I CAN'T play (for Greenmount) this weekend and it's just as well because I don't think I could face the prospect of getting out for a duck three matches in a row.

After falling to a first-ball duck the previous match I cost the lads victory on Saturday, lasting just two balls this time.

We only needed one run to draw with Denton St Lawrence and I couldn't even manage that.

Gutted is not the word.

When I do return to the dressing room, I will be keeping my mouth shut, that's for sure.

For a long time now I have given the batsmen among us plenty of stick whenever they have gotten out cheaply or thrown their wicket away.

I often like to remind them that I have two Bolton League trophies for my batting – I think one for hitting the fastest 50 and another for scoring the most sixes in a season, or something like that.

Anyway, I think I will be giving the banter a miss for a while and concentrate on bowling my medium pacers.

It is a nightmare coming in at number 11 because so often the result can depend on you.
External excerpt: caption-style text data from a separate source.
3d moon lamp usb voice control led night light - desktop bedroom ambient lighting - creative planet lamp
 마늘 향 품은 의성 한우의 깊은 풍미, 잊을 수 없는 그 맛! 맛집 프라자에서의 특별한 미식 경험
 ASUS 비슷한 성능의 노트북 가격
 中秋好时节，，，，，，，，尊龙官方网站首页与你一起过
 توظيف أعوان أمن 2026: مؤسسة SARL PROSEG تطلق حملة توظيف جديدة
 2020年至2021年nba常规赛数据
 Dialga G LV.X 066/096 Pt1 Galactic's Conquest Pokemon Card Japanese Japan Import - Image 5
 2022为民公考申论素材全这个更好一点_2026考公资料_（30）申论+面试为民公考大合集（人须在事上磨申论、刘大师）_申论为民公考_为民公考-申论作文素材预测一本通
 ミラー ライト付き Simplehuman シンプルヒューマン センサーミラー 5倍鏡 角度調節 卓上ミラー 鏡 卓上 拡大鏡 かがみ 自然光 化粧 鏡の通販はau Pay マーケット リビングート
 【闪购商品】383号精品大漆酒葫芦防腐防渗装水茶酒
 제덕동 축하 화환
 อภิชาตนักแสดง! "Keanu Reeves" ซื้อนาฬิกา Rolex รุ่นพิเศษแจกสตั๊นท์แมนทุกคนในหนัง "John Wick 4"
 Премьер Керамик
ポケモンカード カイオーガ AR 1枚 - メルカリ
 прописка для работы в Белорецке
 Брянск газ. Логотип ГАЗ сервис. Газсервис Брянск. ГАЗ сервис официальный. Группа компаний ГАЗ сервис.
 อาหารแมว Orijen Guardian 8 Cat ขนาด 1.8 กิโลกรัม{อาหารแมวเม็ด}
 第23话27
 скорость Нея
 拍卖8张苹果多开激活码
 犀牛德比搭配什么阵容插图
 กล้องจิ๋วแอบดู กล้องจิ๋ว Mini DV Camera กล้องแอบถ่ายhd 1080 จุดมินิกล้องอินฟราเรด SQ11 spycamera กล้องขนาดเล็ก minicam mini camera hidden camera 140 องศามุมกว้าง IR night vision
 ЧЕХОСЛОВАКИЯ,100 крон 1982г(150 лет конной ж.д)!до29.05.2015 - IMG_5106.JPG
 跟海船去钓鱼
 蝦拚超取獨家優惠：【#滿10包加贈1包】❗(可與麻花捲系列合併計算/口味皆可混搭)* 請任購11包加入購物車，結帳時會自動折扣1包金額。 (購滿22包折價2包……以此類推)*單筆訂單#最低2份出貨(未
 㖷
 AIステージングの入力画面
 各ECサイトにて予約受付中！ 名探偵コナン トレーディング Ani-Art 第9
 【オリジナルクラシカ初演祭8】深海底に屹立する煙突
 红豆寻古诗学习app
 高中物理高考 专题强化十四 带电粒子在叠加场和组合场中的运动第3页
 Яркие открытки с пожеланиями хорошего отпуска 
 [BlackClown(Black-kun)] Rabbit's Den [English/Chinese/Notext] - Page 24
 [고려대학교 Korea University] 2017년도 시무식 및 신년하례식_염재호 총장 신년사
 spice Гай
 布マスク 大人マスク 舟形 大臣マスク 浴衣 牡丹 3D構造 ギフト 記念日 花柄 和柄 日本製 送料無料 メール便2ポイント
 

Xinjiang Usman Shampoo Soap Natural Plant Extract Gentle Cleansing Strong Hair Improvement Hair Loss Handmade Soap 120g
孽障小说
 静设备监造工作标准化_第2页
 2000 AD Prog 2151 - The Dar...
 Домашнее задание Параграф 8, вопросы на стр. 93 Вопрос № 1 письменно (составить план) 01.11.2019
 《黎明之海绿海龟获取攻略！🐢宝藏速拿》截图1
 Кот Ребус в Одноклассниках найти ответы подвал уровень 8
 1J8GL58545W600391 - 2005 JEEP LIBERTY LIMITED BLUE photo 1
In a way, I would prefer coming in at number 10 and let someone else get it in the neck.

People will tell you that it's not your fault, the batters should have scored more runs.

That might be true – it certainly was on a Saturday when we were cruising before chucking it all away – but it doesn't make it any easier for me to deal with.

I am still gutted now writing this.

We should have won and I feel responsible, and I am pretty sure most number 11 batsmen will tell you the same.

You replay every shot – even if it's only one – over and over in your mind.

I tried to block the ball and play myself in when I should have just smashed it.

You can't escape that feeling that you have let everyone else down, but I would prefer to be like that, and take every defeat hard. It would be more worrying if I didn't care.

The trick is to try to use that frustration and turn it around. If you can't forget about it and move on then just remember what it felt like, to let the lads down, and try to make sure it doesn't happen again.